Explanation for non-expert?

Dann Corbit · Post by **Dann Corbit** » Tue Feb 17, 2015 8:56 pm

bob wrote:
mcostalba wrote:
gladius wrote:
zullil wrote:Can someone explain in general terms the following code from the recent smp patch for SF:

<snip>

It seems that the idea is to order split-points lexicographically based on spLevel, slavesCount and depth, in order to allocate threads "intelligently".

Correction/elaboration welcome. Thanks.
I'll repost my comment from the fishcooking forum:

Really nice idea too. It's a great refinement of the late-join idea. Instead of just joining the first split point we find, score all the potential ones, and pick the one with the best score. The scoring metric checks how many recursive splits have been done first, then the number of slaves already on the split point, and finally the depth. So, it will distribute the slaves out more across the tree, and bias towards ones near the root of the tree.
It is not clear why it succeeds because the idea of late join was already tested without success, also the idea to join to near the root was already tested without success.

So here the new thing is this score formula that is made so to bias toward ones with small number of split points and only when the number of split point is equal, toward near the root of the tree. But near the root is not the key of the success, because when tested alone it failed.

IMO the key is to bias toward small number of split points (the parameter that Bob did not understand). Of course once we explain to him he will promptly say that he already did it in the '80, so, to avoid this pity, I won't tell him what spLevel means
I didn't understand it because spLevel was not in the Stockfish6 code I looked at. That change is not going to be worth 50 Elo or so however. But I will let YOU figure out why. And yes, if you look at my old DTS paper this kind of thing was factored in. There's very little new stuff in normal PVS/YBW type parallel searching.

Considering the direction of compute power (massively parallel computation appears to be the wave of the future) any improvement in efficiency (even 5%) would seem to be terribly important to me.

And with stockfish being open source, everyone can benefit from the results of their experiments. It's a win/win/win situation if there ever was one.

syzygy · Post by **syzygy** » Tue Feb 17, 2015 9:19 pm

zullil wrote:The first result is for Stockfish from just before Joona's patch. The second result includes the patch and nothing more. The unpatched binary used 45% more time to complete the bench test.

But nps goes down. The big problem that SF had when running on many cores is low nps. If that has not improved, then I am very sceptical that there is any Elo gain at normal time controls.

I don't know how the tests were run that showed a big improvement, but if they were run at like 100ms per move, it might well be that the measured gains are due entirely to side-effects that go away at normal time controls (at which real games are played).

For example, I do not exclude that SF running on 16 cores performs worse than SF on 8 cores during the first 100ms of a search. If that is the case, then somehow making sure than only 8 out of 16 cores have work to do (and somehow preventing the other 8 from causing synchronisation overhead) will show an improvement.
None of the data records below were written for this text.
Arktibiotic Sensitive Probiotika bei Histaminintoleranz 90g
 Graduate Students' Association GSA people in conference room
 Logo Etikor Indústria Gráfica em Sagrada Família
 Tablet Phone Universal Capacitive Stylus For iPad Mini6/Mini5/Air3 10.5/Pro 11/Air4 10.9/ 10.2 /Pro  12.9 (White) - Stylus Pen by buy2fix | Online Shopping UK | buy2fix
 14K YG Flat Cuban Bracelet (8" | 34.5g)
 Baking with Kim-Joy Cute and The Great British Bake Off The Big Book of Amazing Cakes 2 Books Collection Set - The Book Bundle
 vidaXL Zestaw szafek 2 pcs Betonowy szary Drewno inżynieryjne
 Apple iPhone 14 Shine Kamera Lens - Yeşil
I haven't studied the patch but again, I am extremely suspicious if it does not very clearly improve nps. It is absolutely clear that low nps on many cores is the problem that should be addressed.

zamar · Post by **zamar** » Tue Feb 17, 2015 11:47 pm

There is no magic here. This stuff has been known since '80s. Two key factors to consider when/how to split:

1) Each time you split there is a price to pay. 2 threads working on the same split point, one of them produces cut-off, the work of the other thread is wasted. We could say that you are getting only 90% of your money back. If there are many, let's say, four split points above the working thread, the risk is four times higher, so you would be getting only 90%^4 = 64% of your money back.

Moral of the story: Don't create splitpoints under splitpoints unless you really have to.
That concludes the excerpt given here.